The following algo may help
1.)Take a hash map with key as array element and value as its count.
2.)as u traverse the array update the map.
3.)the size of map should not exceed k.
4.)once the size of map is k and we encounter a new element which is not yet in the map, decrement the count of all the existing keys by 1.
5.) If there is a key with count 0, replace it with the new element, or replace the key with the lowest count with the new element.
6.)Repeat the above till all elements in array are done.
7.)Now what u have is a map with k elements, set count to 0. traverse the array again and update the count of the keys in map.
8.)check for count and if it exceeds k print it.

Hi vimalk179,

Can you please explain a bit more on below statement.
"if it appears more than
n
k
times in A."
more than nk or n/k?

public static <T extends Comparable<T>> void findKMajority2(T[] array, int k) {
		System.out.println("Finding " + k + " majority list: ");
		if (k == 0) {
			return;
		}
		if(k == 1) {
			Set<T> s = new HashSet(Arrays.asList(array));
			System.out.println(s);
			return;
		}
		Map<T, Integer> map = new HashMap<T, Integer>();
		for(int i = 0; i < array.length; i++) {
			T key = array[i];
			if(map.containsKey(key)) {
				Integer count = map.get(key);
				if(++count == k) {
					System.out.print("	" + key);
				}
				map.put(key, count++);
			}else {
				map.put(key, 1);
			}
		}
		System.out.println();
	}

The algo is O(nk).

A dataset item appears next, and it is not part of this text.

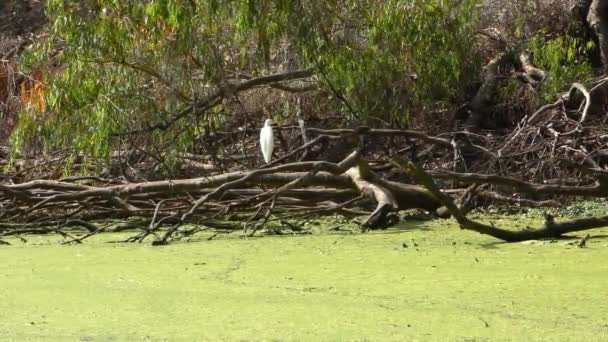 White Heron Nella Palude Natural Bridges State Beach Sanctuary Santa — Video Stock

In the first pass u generate the map.
Now if ur map has k elements then u scan the array k times to make sure that the keys are repeated n/k times.
So the net time complexity is O(nk).

sort the array ...time complexity nlogn for sorting
then traverse the array to find if any number exist which appears more than (n/k) times in array. can be done in O(n) time.
so total time complexity nlogn + O(n)
correct me if i'm wrong.